*Work item*
Give again, word for word, each line below starting at the one that contains "a clean kitchen" and ending at the one that contains "Aluminum ventilation pipe".

[Records contained in a dataset]
::::::::::
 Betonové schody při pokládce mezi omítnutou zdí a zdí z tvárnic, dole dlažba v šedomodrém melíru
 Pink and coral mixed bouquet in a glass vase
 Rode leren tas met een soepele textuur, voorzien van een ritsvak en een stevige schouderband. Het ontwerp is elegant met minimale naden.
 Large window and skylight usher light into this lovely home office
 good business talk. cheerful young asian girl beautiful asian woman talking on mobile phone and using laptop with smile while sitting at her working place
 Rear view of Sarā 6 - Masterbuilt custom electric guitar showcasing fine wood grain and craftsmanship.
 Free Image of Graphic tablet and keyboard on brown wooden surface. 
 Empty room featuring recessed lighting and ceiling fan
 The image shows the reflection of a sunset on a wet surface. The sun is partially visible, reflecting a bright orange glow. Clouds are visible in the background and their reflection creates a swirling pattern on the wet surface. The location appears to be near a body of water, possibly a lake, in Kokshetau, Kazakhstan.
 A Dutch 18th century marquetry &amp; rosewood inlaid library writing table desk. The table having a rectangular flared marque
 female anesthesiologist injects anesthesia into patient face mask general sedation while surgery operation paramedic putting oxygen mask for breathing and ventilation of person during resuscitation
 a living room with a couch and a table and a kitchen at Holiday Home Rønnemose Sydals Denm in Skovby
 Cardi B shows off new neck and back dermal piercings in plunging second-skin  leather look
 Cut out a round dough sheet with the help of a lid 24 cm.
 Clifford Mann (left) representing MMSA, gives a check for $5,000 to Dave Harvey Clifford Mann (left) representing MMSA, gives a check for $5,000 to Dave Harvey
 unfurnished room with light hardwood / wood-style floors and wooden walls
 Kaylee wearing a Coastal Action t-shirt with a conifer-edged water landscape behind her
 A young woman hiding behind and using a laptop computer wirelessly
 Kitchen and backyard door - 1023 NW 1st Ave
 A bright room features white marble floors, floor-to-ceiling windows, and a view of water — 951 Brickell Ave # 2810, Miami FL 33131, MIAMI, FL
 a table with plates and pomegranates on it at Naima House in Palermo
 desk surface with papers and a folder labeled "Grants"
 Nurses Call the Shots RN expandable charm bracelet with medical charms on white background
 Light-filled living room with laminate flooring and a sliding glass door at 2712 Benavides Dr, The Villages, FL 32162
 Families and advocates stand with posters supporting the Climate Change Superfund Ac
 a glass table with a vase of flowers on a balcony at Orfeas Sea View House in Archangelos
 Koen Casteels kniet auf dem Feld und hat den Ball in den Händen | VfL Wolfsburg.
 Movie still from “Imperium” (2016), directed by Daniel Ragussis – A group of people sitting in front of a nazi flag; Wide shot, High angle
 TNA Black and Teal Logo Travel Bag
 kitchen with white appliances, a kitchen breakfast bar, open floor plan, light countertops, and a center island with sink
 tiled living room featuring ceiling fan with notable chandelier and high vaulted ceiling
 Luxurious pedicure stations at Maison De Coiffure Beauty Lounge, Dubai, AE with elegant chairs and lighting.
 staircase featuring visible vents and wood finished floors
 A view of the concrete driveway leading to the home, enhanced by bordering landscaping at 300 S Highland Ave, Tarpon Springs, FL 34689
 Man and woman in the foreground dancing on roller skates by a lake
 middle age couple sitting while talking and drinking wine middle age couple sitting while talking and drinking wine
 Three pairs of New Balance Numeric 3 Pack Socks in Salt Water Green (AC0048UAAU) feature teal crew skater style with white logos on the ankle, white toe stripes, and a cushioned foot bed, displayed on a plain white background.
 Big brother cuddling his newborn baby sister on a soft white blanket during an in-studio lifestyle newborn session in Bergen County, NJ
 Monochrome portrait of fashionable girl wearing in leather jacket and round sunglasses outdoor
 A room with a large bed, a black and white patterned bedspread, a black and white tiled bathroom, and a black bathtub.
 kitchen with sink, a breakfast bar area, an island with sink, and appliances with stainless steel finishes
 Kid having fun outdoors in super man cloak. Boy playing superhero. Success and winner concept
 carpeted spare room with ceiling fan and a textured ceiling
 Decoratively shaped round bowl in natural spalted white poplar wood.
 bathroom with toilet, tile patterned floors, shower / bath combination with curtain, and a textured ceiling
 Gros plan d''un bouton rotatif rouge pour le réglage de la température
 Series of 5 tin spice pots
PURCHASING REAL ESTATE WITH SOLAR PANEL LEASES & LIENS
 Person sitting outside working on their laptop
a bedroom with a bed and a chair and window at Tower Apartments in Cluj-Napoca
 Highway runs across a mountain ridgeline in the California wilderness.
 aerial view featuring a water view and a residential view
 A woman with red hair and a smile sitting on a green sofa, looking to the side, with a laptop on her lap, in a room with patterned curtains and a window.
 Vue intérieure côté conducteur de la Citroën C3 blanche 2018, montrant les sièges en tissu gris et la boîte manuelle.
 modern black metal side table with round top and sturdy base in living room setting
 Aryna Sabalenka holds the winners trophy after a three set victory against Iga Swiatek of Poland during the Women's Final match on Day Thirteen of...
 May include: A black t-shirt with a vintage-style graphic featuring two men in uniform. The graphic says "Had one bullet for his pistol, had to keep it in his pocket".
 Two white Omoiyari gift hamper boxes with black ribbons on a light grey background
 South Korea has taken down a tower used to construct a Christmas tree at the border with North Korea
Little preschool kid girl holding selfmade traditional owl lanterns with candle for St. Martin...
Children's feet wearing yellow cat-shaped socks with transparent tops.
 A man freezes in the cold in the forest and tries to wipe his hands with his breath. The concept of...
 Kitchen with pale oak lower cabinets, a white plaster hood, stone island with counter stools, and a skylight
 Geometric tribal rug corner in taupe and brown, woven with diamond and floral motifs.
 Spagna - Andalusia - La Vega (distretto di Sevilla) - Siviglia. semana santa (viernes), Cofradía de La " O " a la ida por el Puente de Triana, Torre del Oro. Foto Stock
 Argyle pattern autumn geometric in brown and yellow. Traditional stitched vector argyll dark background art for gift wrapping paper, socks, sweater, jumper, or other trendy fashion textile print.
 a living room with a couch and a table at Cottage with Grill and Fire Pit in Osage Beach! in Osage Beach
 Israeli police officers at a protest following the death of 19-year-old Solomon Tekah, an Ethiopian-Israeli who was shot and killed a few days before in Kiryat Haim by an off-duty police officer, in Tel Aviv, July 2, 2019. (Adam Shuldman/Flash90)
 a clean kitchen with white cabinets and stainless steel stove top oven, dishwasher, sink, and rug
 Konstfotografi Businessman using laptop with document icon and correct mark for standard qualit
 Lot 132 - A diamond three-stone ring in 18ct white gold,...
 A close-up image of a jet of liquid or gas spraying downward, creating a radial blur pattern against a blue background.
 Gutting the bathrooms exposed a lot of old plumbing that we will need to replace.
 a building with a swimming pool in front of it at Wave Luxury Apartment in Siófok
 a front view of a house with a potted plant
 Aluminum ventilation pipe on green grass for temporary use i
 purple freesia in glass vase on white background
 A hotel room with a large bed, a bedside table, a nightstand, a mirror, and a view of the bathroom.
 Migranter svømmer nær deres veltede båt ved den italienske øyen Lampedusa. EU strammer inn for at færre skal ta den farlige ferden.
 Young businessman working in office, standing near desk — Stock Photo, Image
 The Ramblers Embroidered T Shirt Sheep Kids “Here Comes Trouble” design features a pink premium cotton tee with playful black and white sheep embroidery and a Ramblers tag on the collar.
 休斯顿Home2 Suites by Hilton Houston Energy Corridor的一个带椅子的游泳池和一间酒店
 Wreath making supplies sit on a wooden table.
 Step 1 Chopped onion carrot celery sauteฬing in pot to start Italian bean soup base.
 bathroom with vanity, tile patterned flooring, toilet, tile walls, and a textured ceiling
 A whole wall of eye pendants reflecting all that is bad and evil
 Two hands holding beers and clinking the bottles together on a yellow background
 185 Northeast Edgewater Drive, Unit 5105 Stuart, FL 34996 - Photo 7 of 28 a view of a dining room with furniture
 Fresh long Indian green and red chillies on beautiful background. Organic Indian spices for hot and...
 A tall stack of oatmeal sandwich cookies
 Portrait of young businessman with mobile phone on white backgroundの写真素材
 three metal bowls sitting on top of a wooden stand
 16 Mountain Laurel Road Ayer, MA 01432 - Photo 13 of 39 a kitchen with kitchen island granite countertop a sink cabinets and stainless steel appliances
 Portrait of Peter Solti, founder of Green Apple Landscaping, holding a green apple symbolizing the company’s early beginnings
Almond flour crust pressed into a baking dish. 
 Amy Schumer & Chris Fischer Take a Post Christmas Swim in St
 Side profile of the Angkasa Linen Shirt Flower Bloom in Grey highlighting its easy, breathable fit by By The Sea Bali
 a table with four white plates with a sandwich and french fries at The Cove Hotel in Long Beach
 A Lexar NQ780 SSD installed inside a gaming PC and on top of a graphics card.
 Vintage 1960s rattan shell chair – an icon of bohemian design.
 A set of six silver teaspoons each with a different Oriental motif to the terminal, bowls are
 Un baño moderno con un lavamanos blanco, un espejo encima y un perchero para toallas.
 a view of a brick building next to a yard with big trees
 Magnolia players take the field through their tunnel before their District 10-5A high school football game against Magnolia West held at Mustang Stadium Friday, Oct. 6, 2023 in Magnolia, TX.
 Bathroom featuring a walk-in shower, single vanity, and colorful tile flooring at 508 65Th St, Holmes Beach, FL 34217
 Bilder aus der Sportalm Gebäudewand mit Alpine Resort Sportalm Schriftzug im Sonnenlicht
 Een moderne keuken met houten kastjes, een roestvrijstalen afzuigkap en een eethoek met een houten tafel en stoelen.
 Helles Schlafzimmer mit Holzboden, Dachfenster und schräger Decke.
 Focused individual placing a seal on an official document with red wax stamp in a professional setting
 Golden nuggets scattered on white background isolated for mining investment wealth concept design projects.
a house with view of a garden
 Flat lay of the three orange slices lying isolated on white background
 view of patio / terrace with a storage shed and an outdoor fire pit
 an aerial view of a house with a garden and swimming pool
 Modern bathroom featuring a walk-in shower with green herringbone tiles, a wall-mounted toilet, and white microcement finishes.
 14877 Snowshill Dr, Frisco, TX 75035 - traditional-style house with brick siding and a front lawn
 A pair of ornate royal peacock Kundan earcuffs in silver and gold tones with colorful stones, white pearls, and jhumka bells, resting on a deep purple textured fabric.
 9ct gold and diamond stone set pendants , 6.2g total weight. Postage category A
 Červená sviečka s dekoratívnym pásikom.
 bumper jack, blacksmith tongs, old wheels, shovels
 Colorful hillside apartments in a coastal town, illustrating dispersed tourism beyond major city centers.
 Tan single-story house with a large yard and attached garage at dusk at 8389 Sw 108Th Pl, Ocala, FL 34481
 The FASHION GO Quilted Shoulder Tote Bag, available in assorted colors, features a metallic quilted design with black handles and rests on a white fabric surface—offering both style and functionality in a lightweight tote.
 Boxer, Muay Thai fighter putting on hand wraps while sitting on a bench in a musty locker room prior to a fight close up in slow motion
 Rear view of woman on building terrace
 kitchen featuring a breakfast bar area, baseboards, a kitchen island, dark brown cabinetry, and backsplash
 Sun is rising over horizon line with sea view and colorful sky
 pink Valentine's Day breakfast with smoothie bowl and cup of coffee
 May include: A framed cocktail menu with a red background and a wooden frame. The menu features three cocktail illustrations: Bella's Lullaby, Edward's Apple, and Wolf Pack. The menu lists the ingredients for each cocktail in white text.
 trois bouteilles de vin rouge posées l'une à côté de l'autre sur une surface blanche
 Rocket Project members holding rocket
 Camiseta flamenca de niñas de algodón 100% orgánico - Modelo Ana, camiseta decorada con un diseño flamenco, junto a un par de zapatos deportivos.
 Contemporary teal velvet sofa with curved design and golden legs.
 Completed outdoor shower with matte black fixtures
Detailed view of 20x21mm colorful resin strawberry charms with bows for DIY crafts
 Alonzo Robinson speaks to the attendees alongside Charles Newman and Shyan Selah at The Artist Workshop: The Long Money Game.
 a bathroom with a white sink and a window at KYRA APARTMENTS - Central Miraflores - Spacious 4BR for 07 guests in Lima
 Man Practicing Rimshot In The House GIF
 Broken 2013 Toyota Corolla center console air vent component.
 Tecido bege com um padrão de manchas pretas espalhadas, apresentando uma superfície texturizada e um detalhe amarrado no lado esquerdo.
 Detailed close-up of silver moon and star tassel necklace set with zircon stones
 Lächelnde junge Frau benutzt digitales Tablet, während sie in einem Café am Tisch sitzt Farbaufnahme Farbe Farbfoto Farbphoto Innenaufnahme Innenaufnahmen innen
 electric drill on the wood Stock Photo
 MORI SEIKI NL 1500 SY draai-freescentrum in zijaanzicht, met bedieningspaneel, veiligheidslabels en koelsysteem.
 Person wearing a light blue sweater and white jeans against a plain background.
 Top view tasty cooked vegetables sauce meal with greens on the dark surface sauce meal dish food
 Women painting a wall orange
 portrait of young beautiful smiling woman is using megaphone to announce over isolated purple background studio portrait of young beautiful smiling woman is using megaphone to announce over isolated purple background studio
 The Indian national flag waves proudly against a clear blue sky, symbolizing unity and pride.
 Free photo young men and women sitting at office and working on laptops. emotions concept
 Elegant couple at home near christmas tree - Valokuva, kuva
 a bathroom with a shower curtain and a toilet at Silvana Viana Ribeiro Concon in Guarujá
::::::::::
*Final answer*
 a clean kitchen with white cabinets and stainless steel stove top oven, dishwasher, sink, and rug
 Konstfotografi Businessman using laptop with document icon and correct mark for standard qualit
 Lot 132 - A diamond three-stone ring in 18ct white gold,...
 A close-up image of a jet of liquid or gas spraying downward, creating a radial blur pattern against a blue background.
 Gutting the bathrooms exposed a lot of old plumbing that we will need to replace.
 a building with a swimming pool in front of it at Wave Luxury Apartment in Siófok
 a front view of a house with a potted plant
 Aluminum ventilation pipe on green grass for temporary use i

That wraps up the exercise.